Filed Date: 12/3/1992
Status: Precedential
Modified Date: 10/31/2024
Order, Supreme Court, New York County (Harold Tompkins, J.), entered December 9, 1991, which, inter alia, granted plaintiffs’ motion for a preliminary injunction restraining defendants from blocking the corporate bank accounts and from interfering in the daily management of partnership restaurants, and the order of said court and Justice entered February 26, 1992, which, inter alia, granted plaintiffs’ motion to stay arbitration, unanimously affirmed, without costs. The appeal from the interim order of said court and Justice, entered February 5, 1992, which declined to vacate a temporary restraining order prior to the court having the opportunity to read the papers submitted on the motion, is dismissed, without costs.

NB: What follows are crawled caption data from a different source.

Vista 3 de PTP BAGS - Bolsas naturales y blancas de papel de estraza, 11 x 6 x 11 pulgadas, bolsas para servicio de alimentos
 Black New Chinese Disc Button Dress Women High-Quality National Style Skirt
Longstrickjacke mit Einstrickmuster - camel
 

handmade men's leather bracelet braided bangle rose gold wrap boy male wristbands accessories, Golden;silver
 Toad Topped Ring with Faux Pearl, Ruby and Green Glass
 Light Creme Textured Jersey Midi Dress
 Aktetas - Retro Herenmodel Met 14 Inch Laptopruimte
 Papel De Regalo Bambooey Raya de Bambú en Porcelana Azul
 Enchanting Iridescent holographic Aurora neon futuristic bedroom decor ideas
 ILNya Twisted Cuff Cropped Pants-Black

The pivotal distinction between the Shareholders’ and Partnership Agreements, and the Management Agreement, which vested managerial authority in the plaintiffs, is that the former contains an arbitration clause whereas the latter expressly does not. Moreover, the Management Agreement included additional parties, and did not reference the Shareholders’ Agreement. The various agreements executed by the parties are not "so inextricably interwoven” as to render the arbitration clause contained in the Shareholders’ Agreement applicable to the Management Agreement (see, Matter of Calvin Klein Co. [Minnetonka, Inc.], 88 AD2d 503, 504). Rather, the respective agreements are mutually exclusive and unrelated, and an agreement to arbitrate must not depend upon implication or subtlety (Matter of Waldron [Goddess], 61 NY2d 181, 183-184).